[Date Prev][Date Next][Thread Prev][Thread Next][Date Index][Thread Index]

Re: shim6 @ NANOG (forwarded note from John Payne)



On 24-feb-2006, at 19:47, Jason Schiller (schiller@uu.net) wrote:

I am baffled by the fact that Service Provider Operators have come out in this forum, at the IAB IPv6 multihoming BOF, and other places, and have
explained how they and their customers use traffic engineering, yet up
until now, shim6 has not tried to provide thier needed functionality.

I think what we have here is a disconnect between what's going on in the wg (and the multi6 design teams) and what's visible from the outside.

I remember MANY conversations, in email and during meetings, about traffic engineering. And for me, there has never been any question that traffic engineering is a must-have for any multihoming solution. Paying for two (or more) links and only being able to use one 99% of the time is simply too cost-ineffective. And just maybe we can convince people that shim6 makes for good multihoming even though it doesn't give you portable address space, but it's never going to fly if the TE is unequivocally worse than what we have today. (And I've said this in the past.)

However, for a number of reasons this isn't all that apparent to an outside observer:

- part these conversations were on closed design team lists, private email or in (design team/interim) meetings (for instance, only 3% of the messages in multi6 for the last couple of years mention TE) - I don't think any of us, but at least not me, saw TE as a particularly hard-to-solve problem - TE can only happen if the base mechanisms are well understood, so were focussing on those first

This is part of the reason more service providers are not envolved in the
IETF.

"You have to do what we want or we'll boycot you"? This way, only five people would be active in the IETF...

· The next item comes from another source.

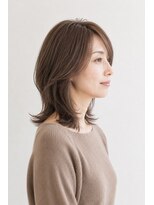 ベルス(bellus)&nbsp;流し前髪×大人くびれミディアム20代　30代　40代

The other part as KC Claffy points out is cost
http://www.arin.net/meetings/minutes/ARIN_XVI/ ppm_minutes_day1.html#anchor_8

[Debugging broken PMTUD over IPv6 at ARIN]

I'm not sure which statement about cost you are referring to, or why.

Some history...

1. RFC-3582 attempts to document IPv6 multi-homing requirements.

Forget this RFC, it exists because of the inner workings of the IETF; it doesn't do anything useful in the real world.

2. I tried to document the basic building block for TE.
-Primary / backup
-Load all links as best as possible
-Use best path
-any combination of these basic building blocks
-additional ability to increase or decrease traffic for any of these

The response I get is do people actully do this?

What I said was that I didn't understand why people want to have two links and then have the second one sit idle until the first fails. I know people want this because I used to configure this for customers when I worked at UUNET NL. But my thinking is that if you have multiple links, you'll want to use all of them.

3. IAB IPv6 multi-homing BOF

It seems to me that Service Provider Operators made a very clear statememt
at the BOF.
-Traffic engineering is needed day 1.

I agree with that one.

  * Traffic engineering should not be an end host decesion, but an
    end site (network level) decesion [managing on the end host is
    the wrong place]

If hosts can do congestion control they can do traffic engineering. The only question is how to get site-wide policies into hosts.

  * Traffic engineering needs to support in-bound and out-bound
    traffic mamagement

Sure.

  * Traffic engineering needs to be allowed by transit ASes as well
as end site ASes [don't leave all ISP TE in the hans of our customers]

Are you saying that if I have two ISPs, those get to decide how I balance my traffic over them? What if they turn this knob in opposite directions?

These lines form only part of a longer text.